# Dataset excerpts:
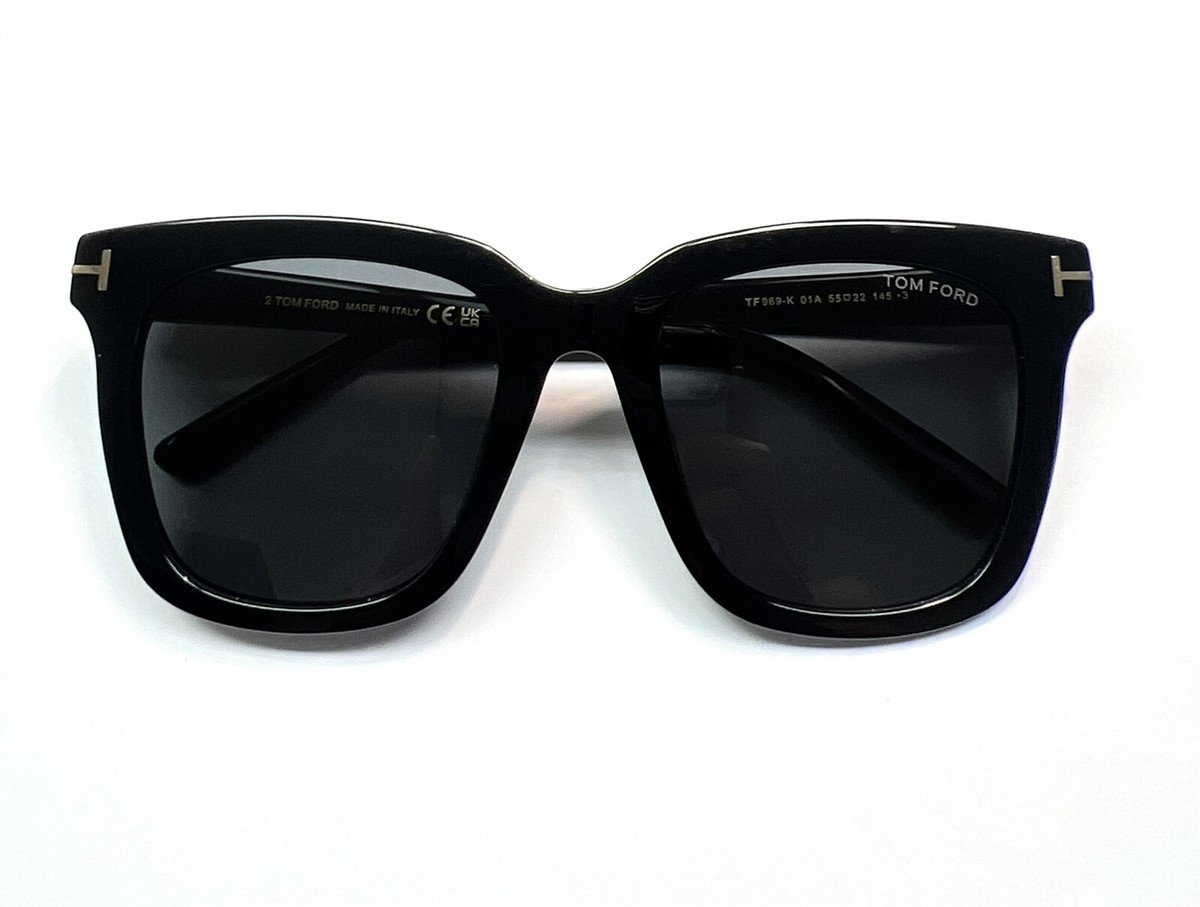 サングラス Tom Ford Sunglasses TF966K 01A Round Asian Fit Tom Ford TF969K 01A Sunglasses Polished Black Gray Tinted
...
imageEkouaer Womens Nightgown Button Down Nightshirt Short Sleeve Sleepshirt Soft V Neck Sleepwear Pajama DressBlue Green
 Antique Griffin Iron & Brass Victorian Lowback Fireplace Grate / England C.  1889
...
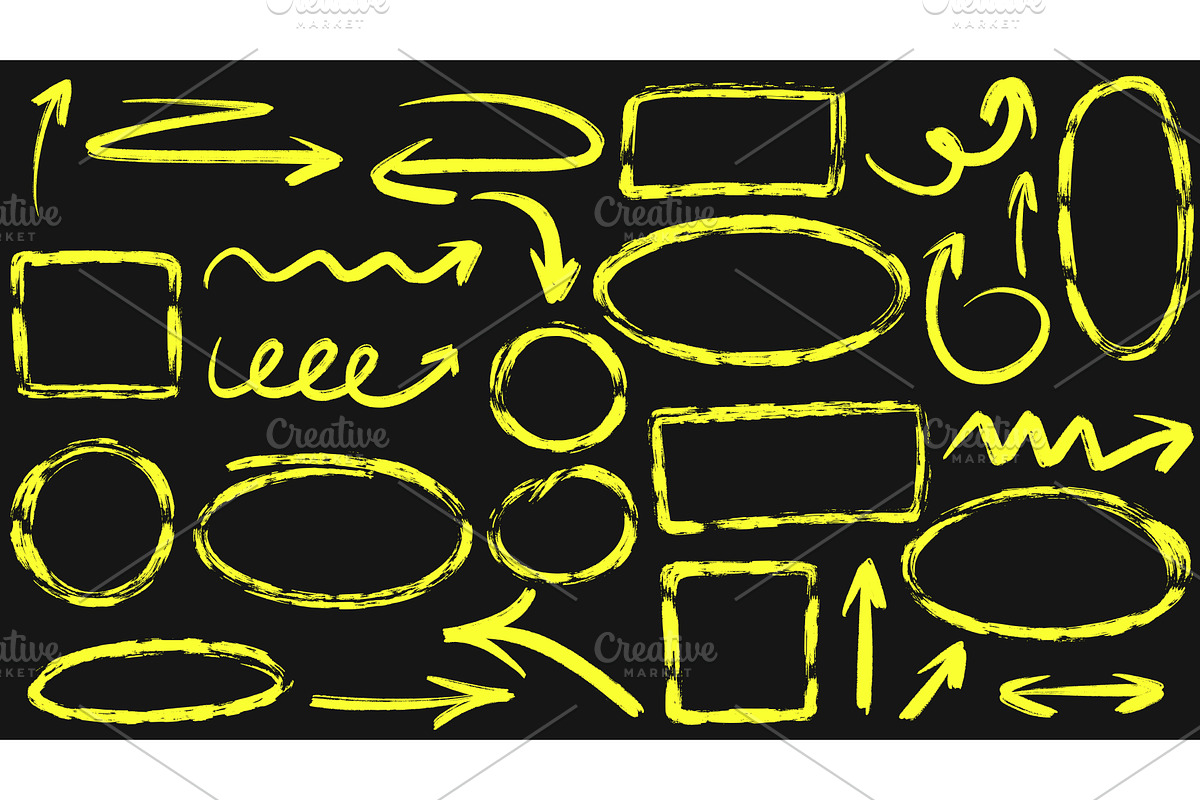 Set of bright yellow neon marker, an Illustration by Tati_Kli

# Try it:
Copy the lines above exactly, beginning at the line that has "imageEkouaer Womens Nightgown" and stopping after the line that has "Antique Griffin Iron", and omit the rest.

# The answer:
imageEkouaer Womens Nightgown Button Down Nightshirt Short Sleeve Sleepshirt Soft V Neck Sleepwear Pajama DressBlue Green
 Antique Griffin Iron & Brass Victorian Lowback Fireplace Grate / England C.  1889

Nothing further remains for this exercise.